§ Work to complete: Please return only the lines from the one with "Kat - Portret" through the final line of the data, unchanged, with pictures omitted.

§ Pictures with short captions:
§ §

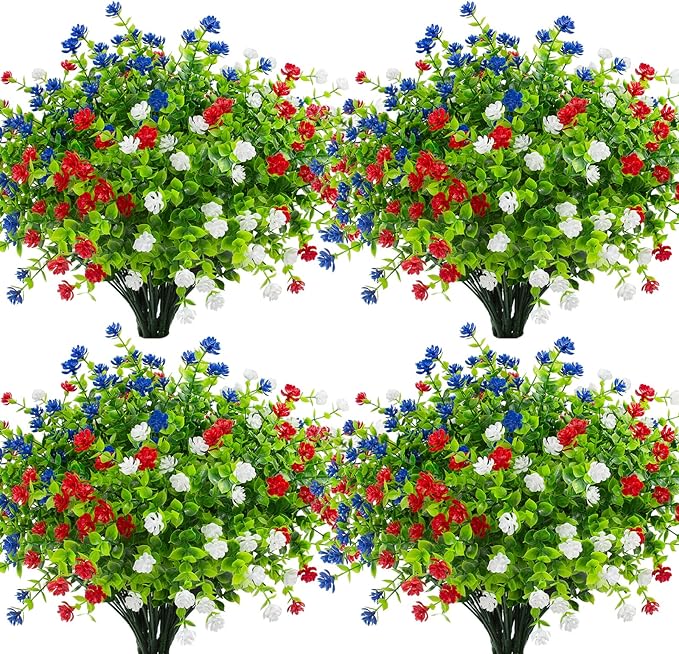 Hananona 12 Pcs Artificial Flowers Outdoor, Faux Artificial Plants UV Resistant Plastic PatrioticFlower for Hanging Planter Porch Window 4th of July Decor (12, Red, White, Blue)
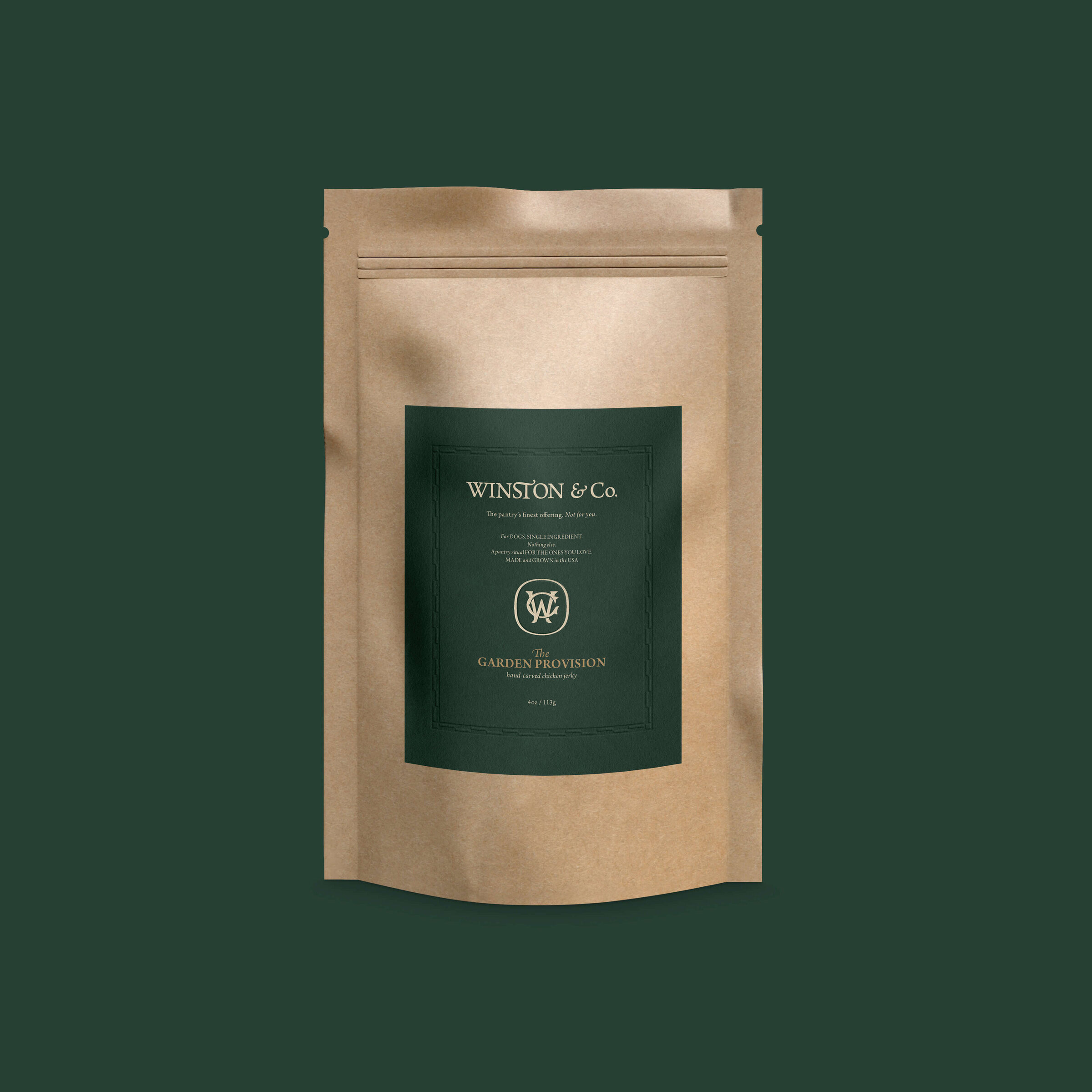 Refined packaging for a high-end dog treat brand, balancing sophistication with a playful, approachable feel for discerning pet owners.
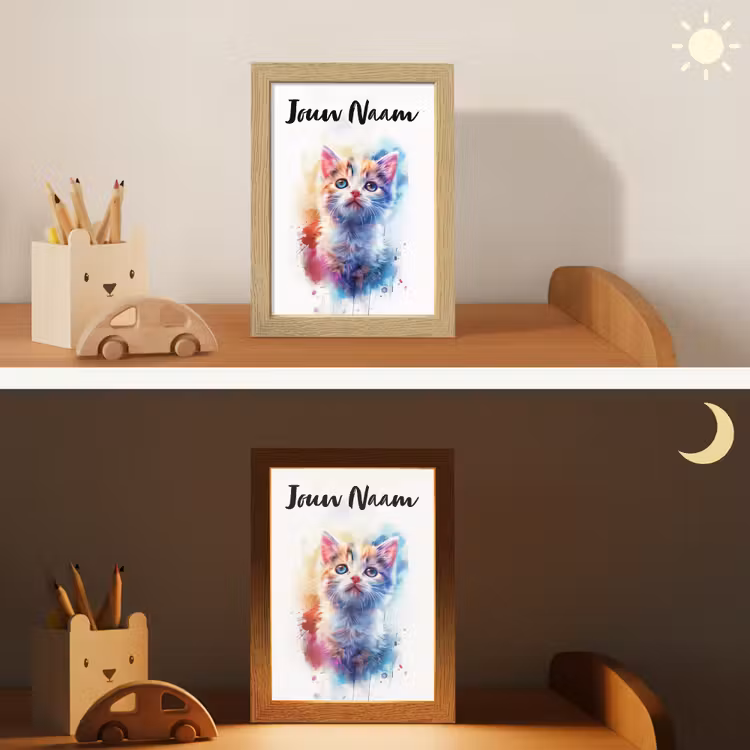 Kat - Portret - Kleuren - Verf - Wit Light Box met kabel (Kinderlampje) klein -sfeer3_kind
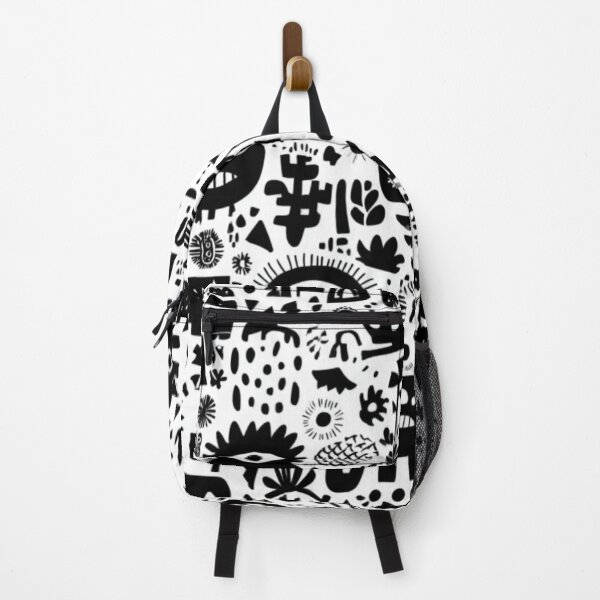 Item preview, Black and white positive creatures abstract pattern designed and sold by SmileshareShop.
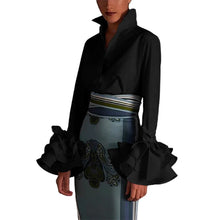 Carregar imagem no visualizador da galeria, Flare Trumpet Sleeve Camisa Blusa com Gola Virada Top 3 Cores Diferentes Disponíveis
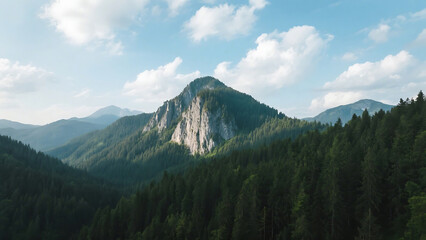 Obraz premium Aerial view of a rocky mountain peak surrounded by green forest under a cloudy blue sky during daytime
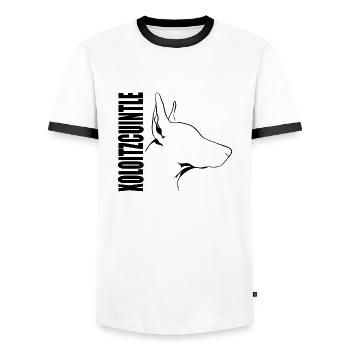 XOLOITZCUINTLE Xolo Hund Hunde Nackthund Wilsigns - Männer Kontrast-T-Shirt - Weiß/Schwarz - Vorne - AI Model Female 172 light (172cm) & AI Model Male 178 dark (178cm)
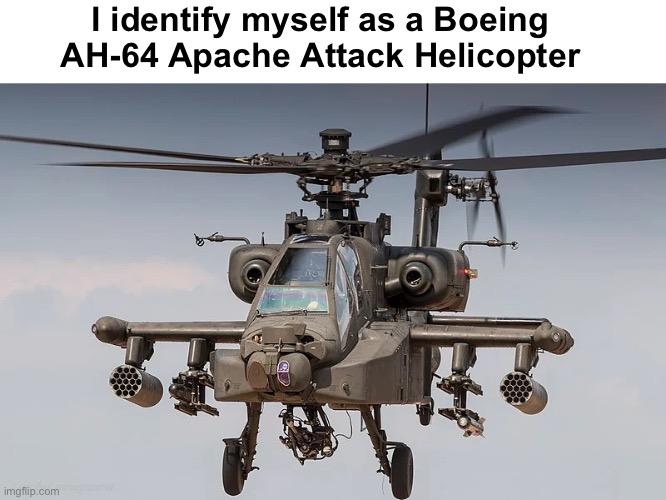 I identify myself as a Boeing AH-64 Apache Attack Helicopter | image tagged in apache,chopper | made w/ Imgflip meme maker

§ §

§ Task output:
 Kat - Portret - Kleuren - Verf - Wit Light Box met kabel (Kinderlampje) klein -sfeer3_kind
 Item preview, Black and white positive creatures abstract pattern designed and sold by SmileshareShop.
 Carregar imagem no visualizador da galeria, Flare Trumpet Sleeve Camisa Blusa com Gola Virada Top 3 Cores Diferentes Disponíveis
 Obraz premium Aerial view of a rocky mountain peak surrounded by green forest under a cloudy blue sky during daytime
 XOLOITZCUINTLE Xolo Hund Hunde Nackthund Wilsigns - Männer Kontrast-T-Shirt - Weiß/Schwarz - Vorne - AI Model Female 172 light (172cm) & AI Model Male 178 dark (178cm)
 I identify myself as a Boeing AH-64 Apache Attack Helicopter | image tagged in apache,chopper | made w/ Imgflip meme maker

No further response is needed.